Fatum – Sylvie CALLET – 2023 – Ed. du Caïman

Quatrième de couverture

Issue des quartiers, Samia, une lycéenne de 15 ans, rêve en secret de devenir écrivaine. Depuis qu’Amar, son père, est parti au bled, sa mère Sabine peine à joindre les deux bouts, son frère Sohan se radicalise, sa petite sœur Myriam devient ingérable. Abby, sa meilleure amie, submergée par un drame familial, part elle aussi à la dérive. Samia trouve du réconfort dans les ouvrages qu’elle emprunte chaque semaine à son étrange voisine, madame Henry, surnommée « la femme aux livres ». Un jour la jeune fille trouve celle-ci sur le carrelage de sa cuisine en train de se vider de son sang. Une enquête est ouverte pour agression. Samia l’ignore, mais sa vie vient de basculer. Inexorablement.

Chronique

Pour certains, la vie est un réel cauchemar. Il la prennent en pleine figure, dès leur premier vagissement. Tout est fait pour qu’elle empire au fil des jours. Dans un quartier difficile, les jeunes vivent leur quotidien comme il le peuvent. Au petit bonheur, la chance. C’est dans ces circonstances qu’une voisine, nouvellement installée, est agressée. Qui est l’agresseur? Est-ce quelqu’un du quartier ? Pourquoi ? Muette, la voisine ne peut s’exprimer sur cette agression. Quelles en sont les raisons ? Ce quartier où elle a emménagé la rejette. Il ne veut pas d’elle. Elle détonne par rapport à la population qui l’habite. Mme Henry semble se cacher. De quoi ? De qui ? Elle semble porter en elle une douleur profonde. Qui est-elle ? Quelle est son histoire ?
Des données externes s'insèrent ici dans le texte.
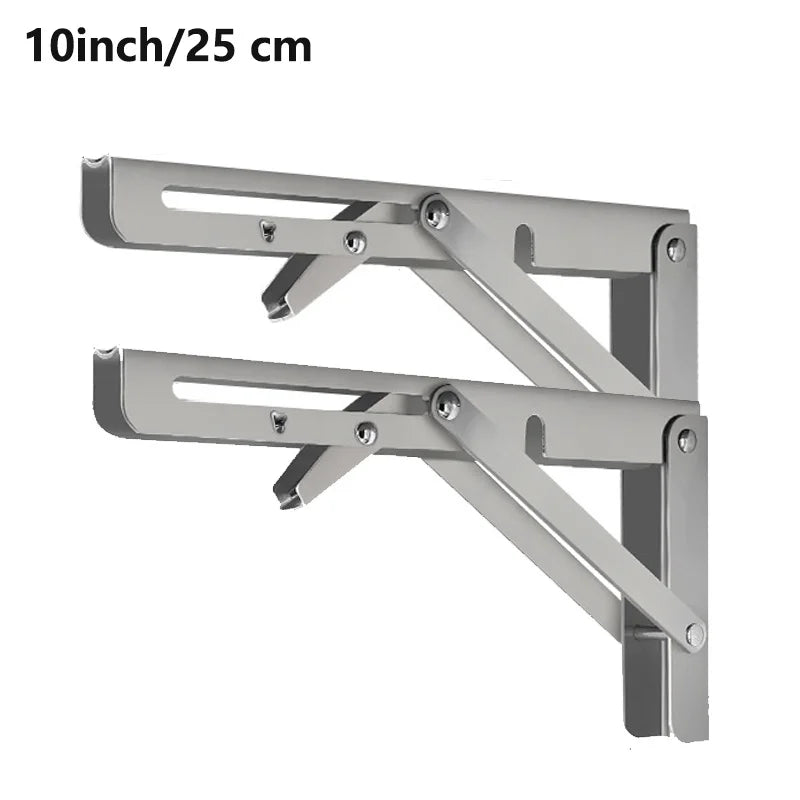 2PCS Sturdy Steel Folding Shelf Brackets Wall-Mounted Design for Workbench Table, Table Shelves Angle Bracket Home Hardware - Daisan Mart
Sohan, Samia, Abby et les autres habitants du quartier ont un parcours haché, chaotique. Un parcours parsemé de douleur, de secrets tus. Des parcours qui s’entrecroisent dans une violence retenue. Une violence qui semble attendre son moment pour éclater au grand jour. La police mène son enquête, difficilement, bousculant les habitudes, le quotidien de ce microcosme. Le lecteur devient un observateur silencieux de ce huis-clos où les rancœurs, les doutes, les larmes retenues contre vents et marais, couvent tel le magma d’un volcan dont l’éruption n’est plus qu’une question de temps. Une éruption qui risque de tout emporter sur son passage. Sans merci. Les mots sont forts, violents, parfois bravaches. Parfois rudement tendres, comme ces êtres à la vie lacérée, malmenée et qui n’ont plus aucun espoir sur le futur.

Ce roman policier tricote des liens tendus, rêches, entre des humains fracassés et des vies violemment fragiles, dans un quartier ou la faiblesse livre l’agneau au loup terré, assoiffé de sang. La radicalisation guette avec impatience ces agneaux offerts sur l’autel de la désespérance, des blessures à vif, profondément cachées aux yeux des âmes damnés. Des âmes dont les relents aux senteurs de soufre, couvrent d’un épais nuage des destins fragiles dont ils se repaissent avidement. Samia et ses compagnons brisés par des récifs assassins, ont peut être enterré, hypothéqué tout espoir de rachat d’une vie tranquille. Un Dieu maudit se repaît de ce désespoir endémique. Le prix à payer sera à la hauteur de son attente. Le prix du sang.